Make payments to a retirement plan or set one up before the year-end to reduce your income for the year.

  1. Disaster relief

Hurricanes and natural disasters unfortunately leave devastation in their paths. The Disaster Tax Relief and Airport and Airway Extension Act of 2017 provides additional relief. Personal casualty losses need not exceed 10% of AGI to qualify for a deduction. The Act also eliminates the current law requirement that taxpayers must itemize deductions to access this tax relief—it does so by increasing an individual taxpayer’s standard deduction under Code Sec. 63(c) by the net disaster loss. The portion of the standard deduction attributable to the net disaster loss is also allowed for alternative minimum tax (AMT) purposes. The Act increases the $100 per-casualty floor to $500 for qualified disaster-related personal casualty losses. The Act allows victims to make qualified hurricane distributions from their retirement plans of up to $100,000.

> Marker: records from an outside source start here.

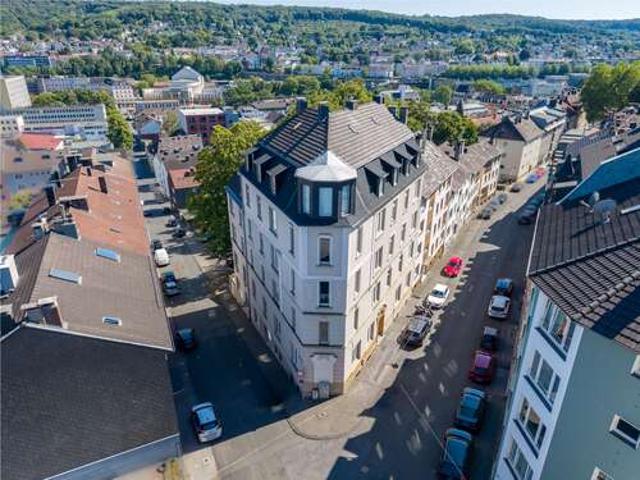 Wohnung zum Mieten in Wuppertal 949,00 € 93.66 m²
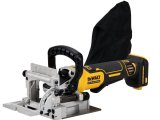 DeWALT DCW682NT Aku lamelovacia frézka XR 18 V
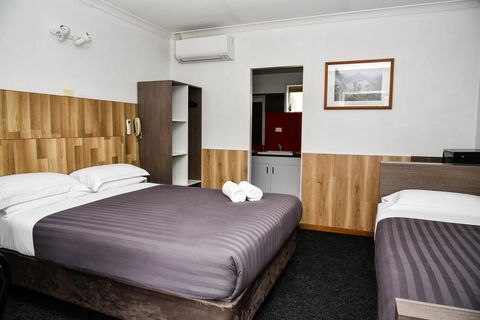 Hobart Tower Motel - Sydney 4u 9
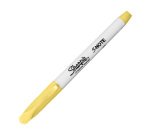 Subrayador de texto Sharpie Snote - Blíster de 4 unidades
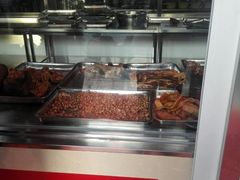 -土门八珍烤鸡腊味店(土门老店)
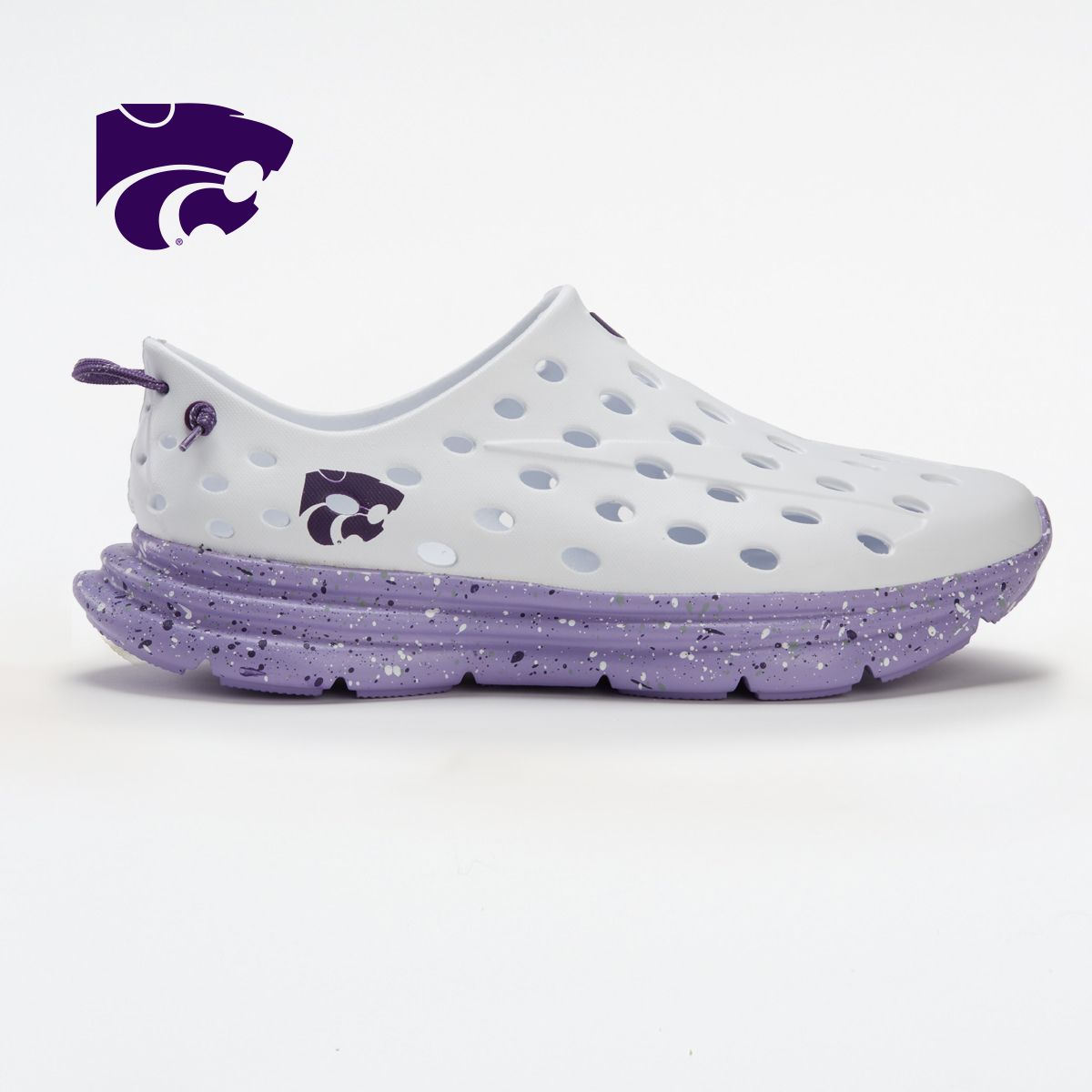 Kane Adult Revive Kansas State Shoe product image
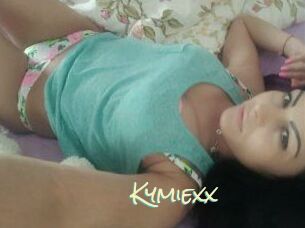 Kymiexx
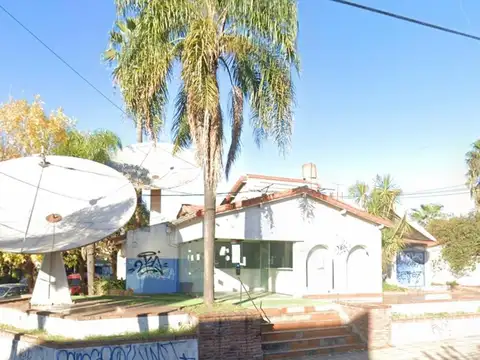 Bartolome Mitre 1920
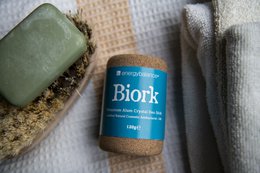 Biork® the real eco deodorant 120G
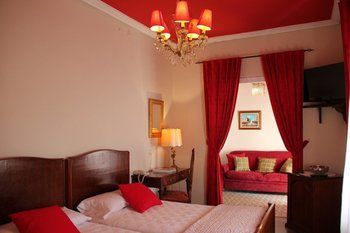 Bed & Breakfast Posada Real Quinta San Jose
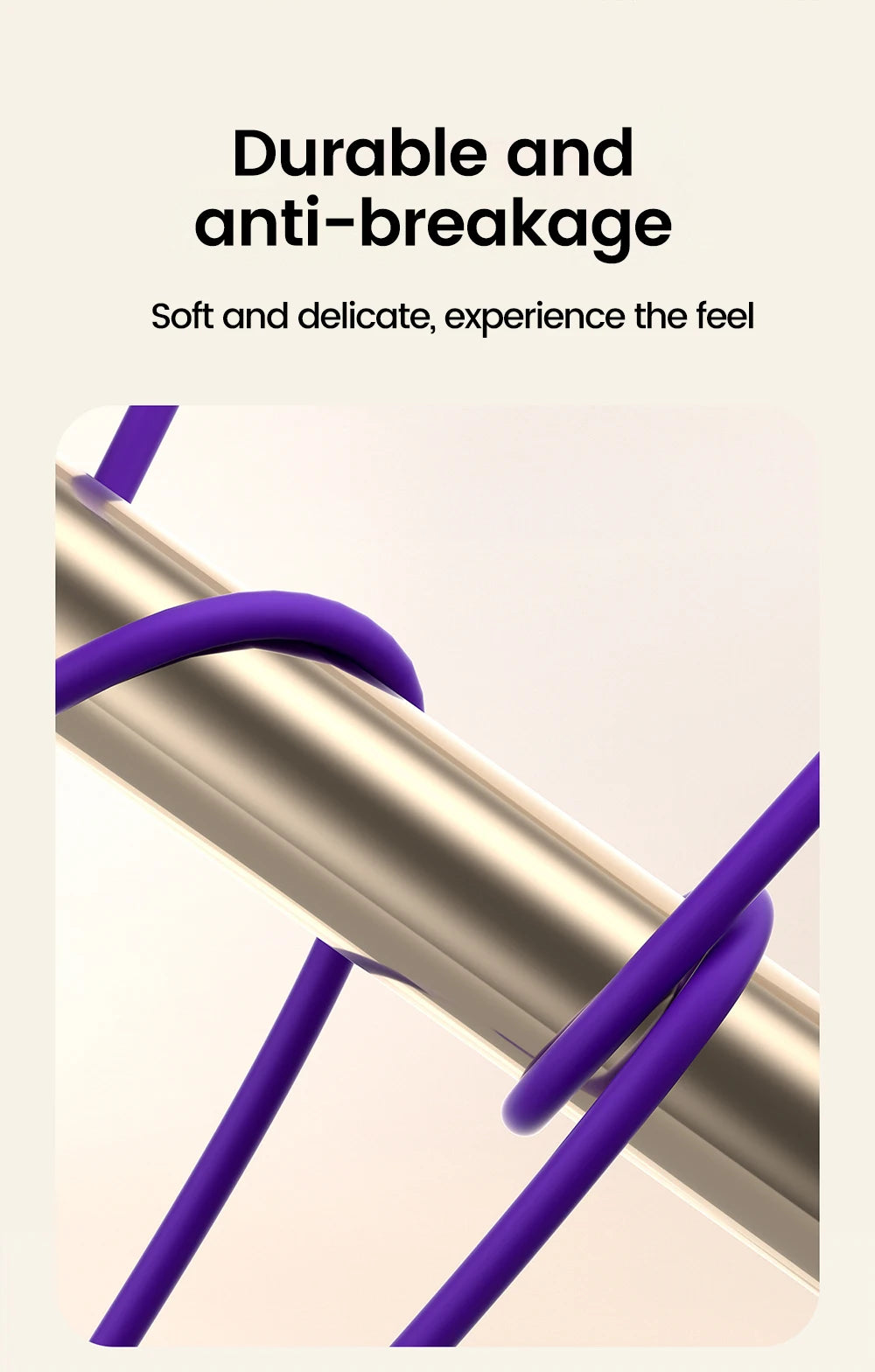 240W 4 in 1 Fast Charging Cable USB-A/USB-C to Type-C & Lightning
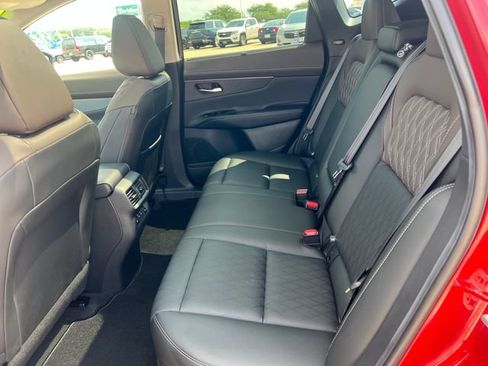 Used 2026 Nissan Murano Platinum w/ Cargo Package AWD/4WD image 15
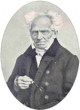 ARTHUR SCHOPENHAUR (1788 - 1869)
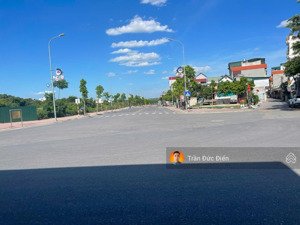 lô đất đầu tư 120m2 mặt hồ bộ đội 30ha long biên, dự án hồ công viên siêu đẹp đối diện vinsafari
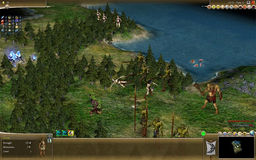 Sid Meiers Civilization IV: Beyond the Sword Fall from Heaven v.5102016 mod screenshot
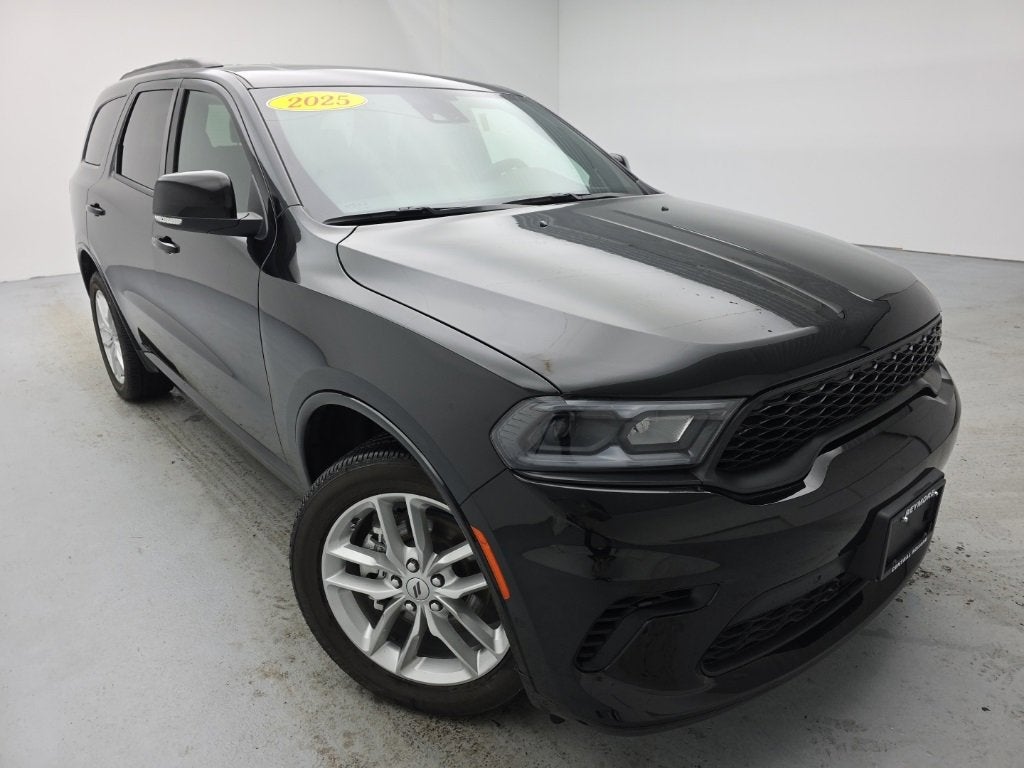 2025 Dodge Durango GT Plus AWD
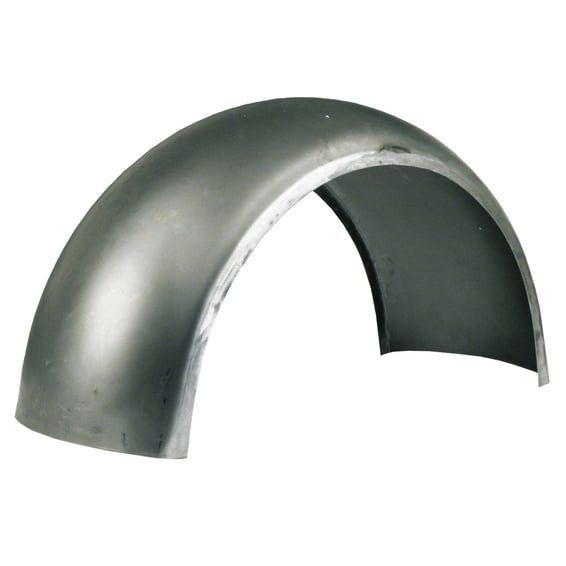 rear Softail fender. 295mm wide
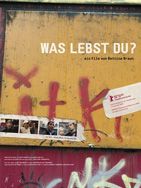 Poster der Was lebst du?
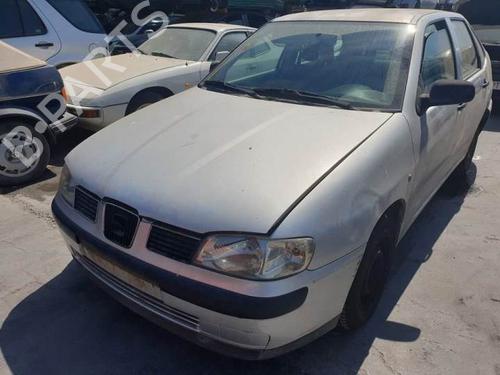 Rear right lock SEAT CORDOBA (6K1, 6K2) 1.4 16V | BP25295484C99 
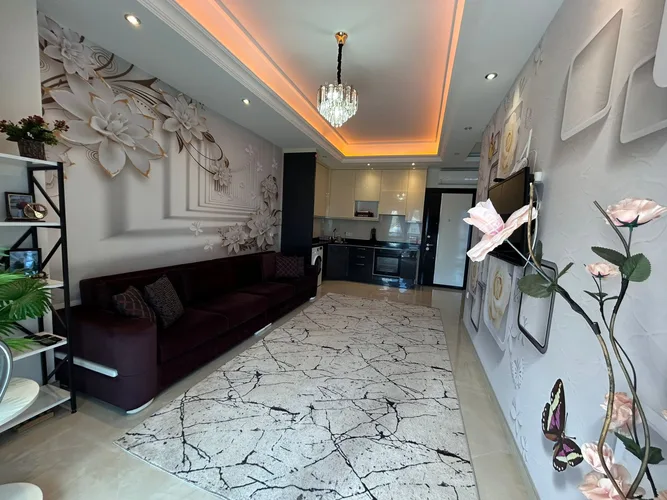 YEKTA KINGDOM TRADE RESIDENCE , Interior - 2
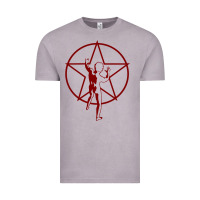 Vintage Zinc classic rush tribute Vintage Tee - lanVoArt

  1. Clean up your chart of accounts

If you have too many accounts or too many vendors in your chart of accounts and vendor lists, year-end is an excellent time to remove unused ones. Creating false vendors is also a source of fraud. So, look for suspicious activity such as recent payments to vendors who have not done work in a while, or names of vendors or employees you don’t recognize.

  1. Scan Unused Documents

Eliminate documents in accordance with your record retention policies. Also, consider scanning important documents, or eliminating documents altogether. Conversely, consider maintaining paper files in cases where digital records are insufficient.

  1. Review your email policies

A corporate hack can significantly interrupt business operations and can put personal and business identities and reputations at risk. Consider implementing and updating your email policies about visiting known and trusted websites, downloading software, and clicking on links in emails.

  1. Ensure employee files have I-9 Forms and updated W-4 withholding certificates

Ensure that you have the required documentation from the Department of Labor for each employee. This includes an I-9 and W-4 Withholding certificate. W-4s should be updated annually.

  1. Make sure your company officers are in tax compliance

This seems obvious, but know that in the event of an audit, the IRS has the right to request the tax returns of highly compensated individuals and company executives.

  1. Exercise Caution

Year-end tax planning must consider a business’s situation and planning goals.